▶ [ACTIVITY] In the entries below, count each line holding the word "time". Answer with the total alone.

Start of DATA TO PROCESS

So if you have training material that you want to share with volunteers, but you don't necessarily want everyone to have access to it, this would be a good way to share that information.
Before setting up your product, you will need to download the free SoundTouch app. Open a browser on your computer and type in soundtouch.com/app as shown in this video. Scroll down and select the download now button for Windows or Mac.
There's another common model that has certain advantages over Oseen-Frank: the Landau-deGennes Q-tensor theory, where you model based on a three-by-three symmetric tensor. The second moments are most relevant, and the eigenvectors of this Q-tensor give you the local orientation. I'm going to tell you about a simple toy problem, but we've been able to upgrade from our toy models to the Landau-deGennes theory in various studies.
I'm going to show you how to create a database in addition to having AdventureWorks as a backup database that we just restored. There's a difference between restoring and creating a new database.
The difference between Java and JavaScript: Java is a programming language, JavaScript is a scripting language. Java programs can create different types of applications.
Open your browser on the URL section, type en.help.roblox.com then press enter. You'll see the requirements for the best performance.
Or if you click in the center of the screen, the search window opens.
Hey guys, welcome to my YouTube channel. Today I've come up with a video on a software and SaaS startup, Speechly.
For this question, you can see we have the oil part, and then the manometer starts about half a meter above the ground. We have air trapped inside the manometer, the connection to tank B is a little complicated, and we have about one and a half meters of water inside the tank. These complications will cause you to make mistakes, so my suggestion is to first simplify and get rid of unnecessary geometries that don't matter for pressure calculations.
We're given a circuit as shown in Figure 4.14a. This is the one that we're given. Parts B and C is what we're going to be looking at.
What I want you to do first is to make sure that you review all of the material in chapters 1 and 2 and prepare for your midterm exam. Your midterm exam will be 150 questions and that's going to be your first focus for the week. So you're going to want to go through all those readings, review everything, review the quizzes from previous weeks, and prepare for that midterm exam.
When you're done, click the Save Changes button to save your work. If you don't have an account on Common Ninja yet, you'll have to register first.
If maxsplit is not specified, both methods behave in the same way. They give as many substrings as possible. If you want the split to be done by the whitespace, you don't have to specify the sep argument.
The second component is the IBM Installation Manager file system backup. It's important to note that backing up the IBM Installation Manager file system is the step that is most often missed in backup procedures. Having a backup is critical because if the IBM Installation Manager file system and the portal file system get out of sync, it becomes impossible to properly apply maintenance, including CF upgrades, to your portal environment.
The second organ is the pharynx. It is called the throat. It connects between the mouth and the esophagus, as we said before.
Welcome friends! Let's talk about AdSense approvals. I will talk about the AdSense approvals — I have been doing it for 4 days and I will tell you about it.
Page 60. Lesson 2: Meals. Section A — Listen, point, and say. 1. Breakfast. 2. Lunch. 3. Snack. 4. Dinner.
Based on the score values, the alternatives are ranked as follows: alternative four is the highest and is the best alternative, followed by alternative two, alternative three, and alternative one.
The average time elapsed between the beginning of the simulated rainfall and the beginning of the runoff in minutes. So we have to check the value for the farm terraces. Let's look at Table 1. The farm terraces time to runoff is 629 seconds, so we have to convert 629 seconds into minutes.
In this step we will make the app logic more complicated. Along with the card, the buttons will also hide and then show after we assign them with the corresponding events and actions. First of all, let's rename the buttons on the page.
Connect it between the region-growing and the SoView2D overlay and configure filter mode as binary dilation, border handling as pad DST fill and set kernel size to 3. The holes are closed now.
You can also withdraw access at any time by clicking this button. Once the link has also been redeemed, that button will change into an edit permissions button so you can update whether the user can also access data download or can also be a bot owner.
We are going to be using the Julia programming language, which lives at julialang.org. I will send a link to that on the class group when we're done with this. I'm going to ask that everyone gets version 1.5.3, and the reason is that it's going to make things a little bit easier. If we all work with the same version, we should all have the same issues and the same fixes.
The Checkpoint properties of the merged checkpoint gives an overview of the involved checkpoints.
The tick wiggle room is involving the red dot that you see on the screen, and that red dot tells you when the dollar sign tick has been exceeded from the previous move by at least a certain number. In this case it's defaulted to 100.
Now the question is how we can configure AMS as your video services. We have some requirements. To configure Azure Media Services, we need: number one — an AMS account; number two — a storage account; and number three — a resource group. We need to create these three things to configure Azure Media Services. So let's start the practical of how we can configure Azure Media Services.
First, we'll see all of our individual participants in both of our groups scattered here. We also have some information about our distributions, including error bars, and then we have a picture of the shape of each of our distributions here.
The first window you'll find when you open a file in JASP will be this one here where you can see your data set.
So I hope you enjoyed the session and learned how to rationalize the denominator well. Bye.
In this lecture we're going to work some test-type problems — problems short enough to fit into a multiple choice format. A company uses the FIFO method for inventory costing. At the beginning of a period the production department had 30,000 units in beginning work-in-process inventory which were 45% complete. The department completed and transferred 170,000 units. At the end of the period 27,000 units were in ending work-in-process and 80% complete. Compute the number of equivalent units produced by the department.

End of DATA TO PROCESS

▶ [RESPONSE] 2